I'm definitely fond of the wing modules, though I think they'd be better served by the original game they were designed for.
On the plus side, my experience typing all that geometry into XML finally pushed me to look into a vector art package. A friend suggested Inkscape, and I'm already pleased with how that's going. I'll still have to process the output, but I won't have to do the interminable tweaking of vertex positions.
I have a quick tweak for the player ship to fix the sluggish handling. I had two ideas going on at once, the first being a "tank-like" ship with a turret-mounted cannon and the other being the attached wings. The problem was that they interfered with each other and made the game much less enjoyable than it could have been.
Open templates/player-assaultwing.xml, go to the first <ship> tag (the one sandwiched between <team name="blue"/> and <soundcue>) and replace it with this:
<ship forwardveloc="150" neutralveloc="0" reverseveloc="-120" strafeveloc="120" maxaccel="600" minaccel="120" maxomega="6" />
The ship's handling will be a lot snappier after that.

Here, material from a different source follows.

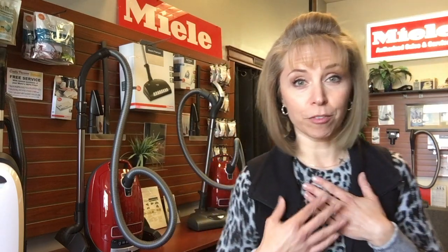Hey everyone, it's Rachel at Queen Vacuum in Shrewsbury, and it is a beautiful spring day out there. I thought it was a good time to bring you all a little bit of spring cleaning inspiration. There are three things primarily that I look for in making my cleaning experience more effective, less miserable, and a little bit more enjoyable, and that's what I want to talk to you about today.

"Rocket Bomb" only got fun after a week of tweaking and polishing the level content, but "Assault Wing" never got that level of attention because I got started late and barely got the core mechanic sorted out before the deadline. That's not an excuse, just a statement of fact. :D
This is a great little game! I really enjoy the background. If feels fairly polished too for such a short development timespan. Great Job!
To be fair, I didn't exactly start from scratch. :D
The application framework makes adding new things fairly easy, so I spent most of the time adding the gameplay features required for the theme, along with a few bonus things like the Perlin noise texture.
It needs about a solid week of design attention to actually be worth playing in my opinion, but glad you like it. :)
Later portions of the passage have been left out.